Lake in the country of Kazakhstan

Baitakkol (Байтақкөл; Байтакколь), is a lake in Yrgyz District, Aktobe Region, Kazakhstan.

The nearest inhabited locality is Belcher, located 1 km to the north of the northern end of the lakeshore. The area surrounding the lake is arid, featuring an extremely continental climate and cold winters with little snowfall. Summers are hot with strong winds.

==Geography==
Baitakkol lies in the southern part of the Turgay Depression at 76 m above sea level. It is a long lake, the largest of the group of lakes in the valley of the lower Turgay. It is roughly aligned from SW to NE, in the same direction as smaller lakes and salt pans nearby. Lake Keltekol lies to the south of the central part. The northwestern end of the lake connects via an intermittent channel with the right bank of the Turgay, which flows southwards to the east of the lake cluster.

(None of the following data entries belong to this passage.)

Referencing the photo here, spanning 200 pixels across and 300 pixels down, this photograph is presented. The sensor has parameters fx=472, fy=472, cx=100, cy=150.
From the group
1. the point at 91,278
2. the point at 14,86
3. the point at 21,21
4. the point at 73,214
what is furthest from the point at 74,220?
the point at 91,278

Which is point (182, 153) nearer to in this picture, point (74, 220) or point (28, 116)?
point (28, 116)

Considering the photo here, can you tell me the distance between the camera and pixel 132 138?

Baitakkol is a floodplain lake that is filled during the spring floods of the Turgay river. During that period the water becomes fresh. After the spring flood is over, water flows back towards the Turgay river through the channel at the northeastern end. In the dry seasons the lake shrinks and its water turns brackish.

In recent years the lake has become critically shallow owing to lack of floodwater inflow.

==Fauna==
There are reedbeds along the lakeshore and sedges grow in the floodplain meadows. Baitakkol is a key refuge for aquatic birds, including the critically endangered siberian crane.